The analysts fear conflicting aims in regulation, for instance pushing banks to both build up capital levels and to lend more at the same time undermines the stability of the new financial regime and confuses banks and their customers.

They also warn that banks have been hurt so much by recent legal cases that they are too risk averse in product development, withdrawing perfectly good services from the market and holding back from innovating and creating new services.

“Nobody is looking at the overall view of where to take the sector, looking at the aggregate impact of regulation and policies,” said PwC’s Nick Forrest. “In the short-term capital ratios are constraining bank lending and having a broader impact on the economy. And on the risk side we have moved into a very risk-averse environment which may not foster innovation, which could hit growth.”

If the economy picks up and regulations are more cohesive, the report predicts another 261,000 jobs could be created – 47,000 in financial services, and 218,000 across the wider economy.

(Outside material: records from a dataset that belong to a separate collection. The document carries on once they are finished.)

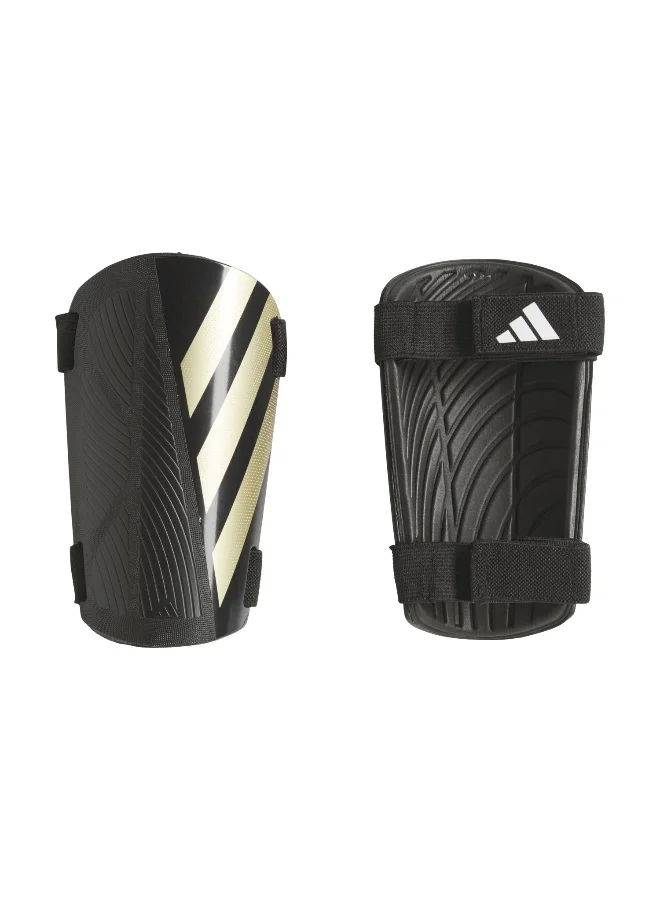 اديداس Adidas Tiro Sg Trn Black Football Shin Guard For Unisex S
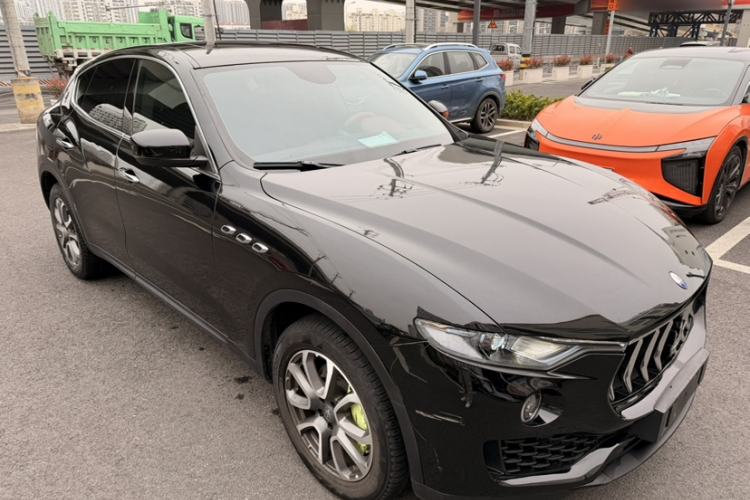 Used Maserati Levante 2016 3.0T Standard Edition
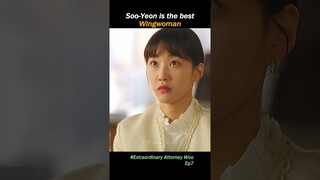 Soo-Yeon is the Best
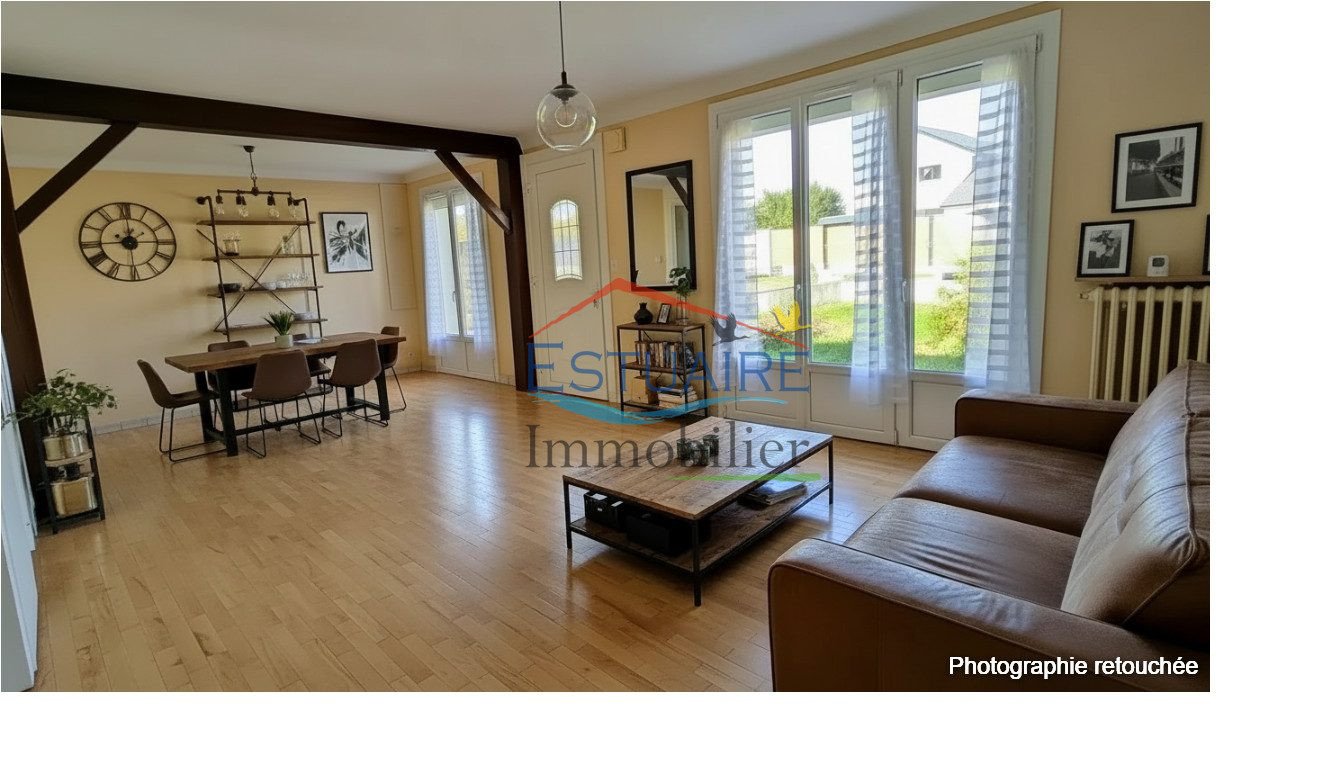 Maison à vendre, 74m², Saint-Étienne-de-Montluc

But if growth stays sluggish and the finance sector is constrained by bad policy, it predicts only 12,000 new jobs would be created in the sector.

“The government is determined to create a stronger and safer banking sector that supports the British economy while ensuring that taxpayers’ money will not be used to bail banks out as it has been in the past,” said a Treasury spokesperson.

“The Banking Reform Bill, currently before parliament, will fundamentally reform the structure of the UK banking sector making banks more resilient to shocks, easier to fix when they get into difficulty and reducing the severity of financial crises in the future.”